» **What needs to be done**
Restate word for word the lines of the material below, from the line with "Man clearing driveway with snowblower" to the line with "Portrait of a", both lines included, and no others.

» **Supplied data**
****
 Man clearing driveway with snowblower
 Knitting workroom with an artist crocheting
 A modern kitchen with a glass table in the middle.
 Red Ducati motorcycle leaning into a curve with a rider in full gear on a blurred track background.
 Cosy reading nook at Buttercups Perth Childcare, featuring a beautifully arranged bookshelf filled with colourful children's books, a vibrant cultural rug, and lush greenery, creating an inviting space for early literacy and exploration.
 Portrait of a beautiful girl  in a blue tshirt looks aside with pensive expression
****
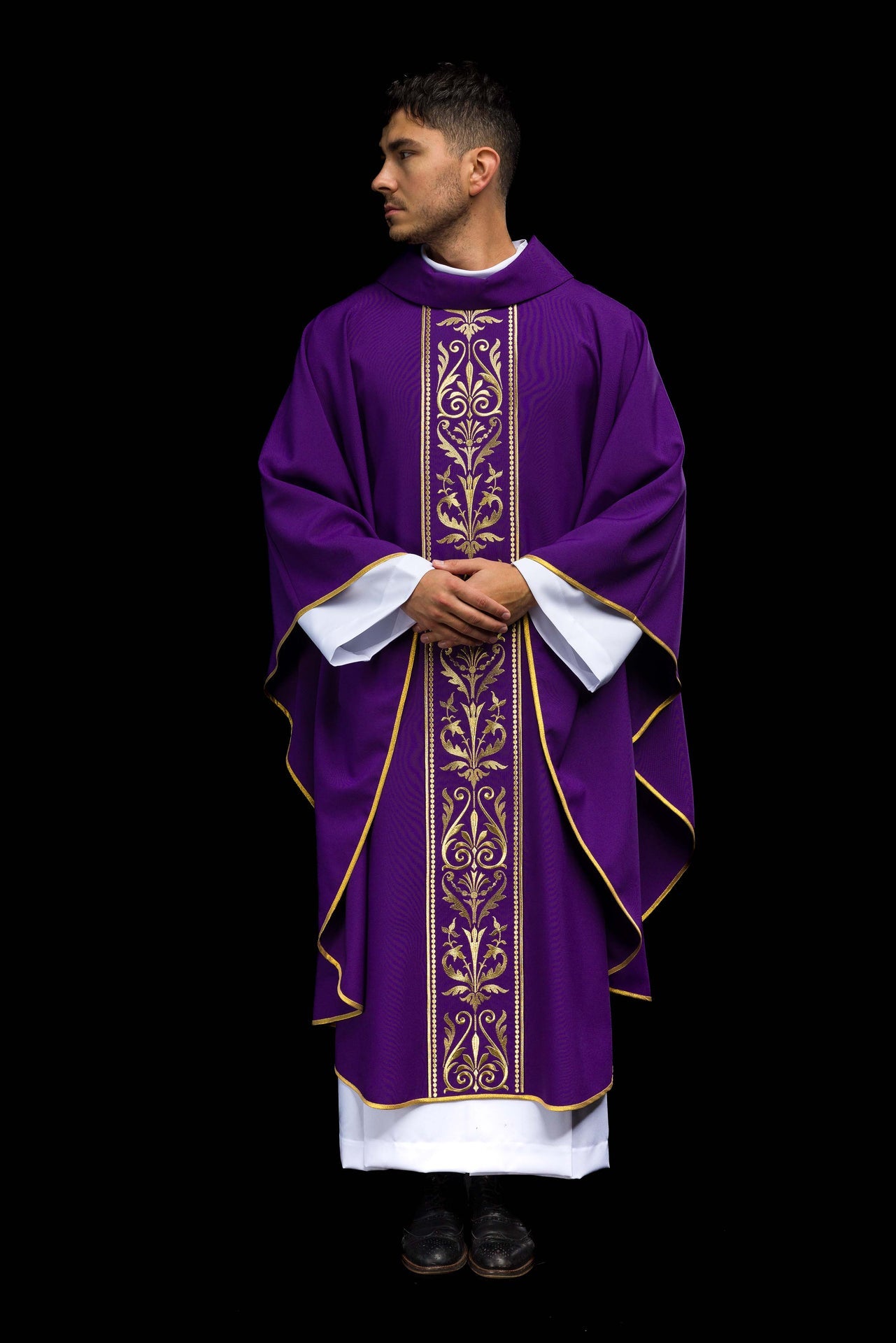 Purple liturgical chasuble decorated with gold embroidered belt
****
» **Answer section**
 Man clearing driveway with snowblower
 Knitting workroom with an artist crocheting
 A modern kitchen with a glass table in the middle.
 Red Ducati motorcycle leaning into a curve with a rider in full gear on a blurred track background.
 Cosy reading nook at Buttercups Perth Childcare, featuring a beautifully arranged bookshelf filled with colourful children's books, a vibrant cultural rug, and lush greenery, creating an inviting space for early literacy and exploration.
 Portrait of a beautiful girl  in a blue tshirt looks aside with pensive expression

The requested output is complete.